« Internet SSL Survey 2010 is here! | Main | Qualys SSL Labs releases raw data from the Internet SSL survey »

Canoe: XSS prevention via context-aware output encoding

September 24, 2010

The only way to avoid having vulnerabilities is to make it impossible for programmers to make security mistakes. It's that simple. Canoe is my context-aware HTML output encoder that encodes every piece of data using the encoding that is required by the current position on the page.

At the core of Canoe is a lightweight HTML parser that tracks output in real time and detects transitions from one context to another. For example, when it sees a <script> tag it knows that what follows needs to be treated as code, not HTML markup. And that's all there is to it. As a programmer you no longer need to think about using the correct encoding function for every little piece of data that you write to HTML pages. The encoding process is transparent and foolproof.

Of course, I don't think Canoe is foolproof at the moment, but I expect it will get there in time. I've taken it as much as I could on my own. Now I need your help to find flaws in it so that eventually we fix all of them.

To that end, I have uploaded a demo of Canoe at http://canoe.webkreator.com. You are cordially invited to give it a shot. To help you break Canoe I am giving you access to more stuff than an attacker would have. In the demo you control both the template (which normally only developers control) and the attack payload. You are thus able to simulate any weird template situation you can think of.

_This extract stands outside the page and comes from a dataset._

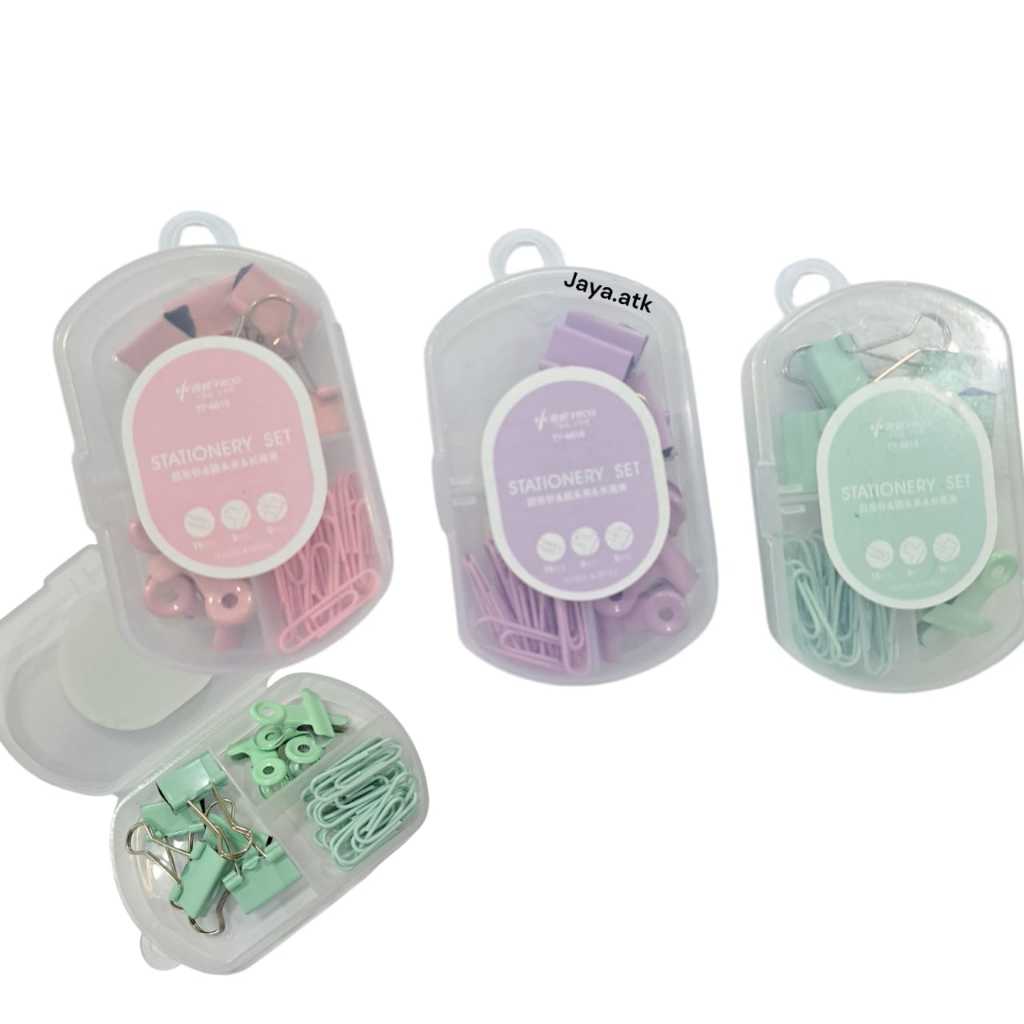

PAKET SET KLIP KERTAS BINDER CLIP PAPER CLIPS WARNA PASTEL 23 PCS STATIONERY SET KLIP DOKUMEN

I am aware that getting the HTML parser right might not be easy. After all, people have been breaking browsers' parser for years now. There are probably many quirks that need to be taken into account. However, Canoe's job is easier because it is able to stop processing very weird templates. In addition, it can refuse to output _any_ data into dangerous contexts. For example, the current implementation refuses to output anything into a CSS context.

Project goals:

  1. Determine if context-aware output encoding is possible
  2. Provide a Java implementation
  3. Document all the implementation details

Final notes:

  • There are some known issues (you'll find the list at the bottom of the demo page), which I will address later. I will keep the list up-to-date as the new issues are discovered.
  • I am not going to release the source code right now, but, once the tool gets closer to completion, it will be released under a BSD or Apache software licence.
  • The code is generic, so it should be easy to integrate with any templating language. I also have the Apache Velocity implementation.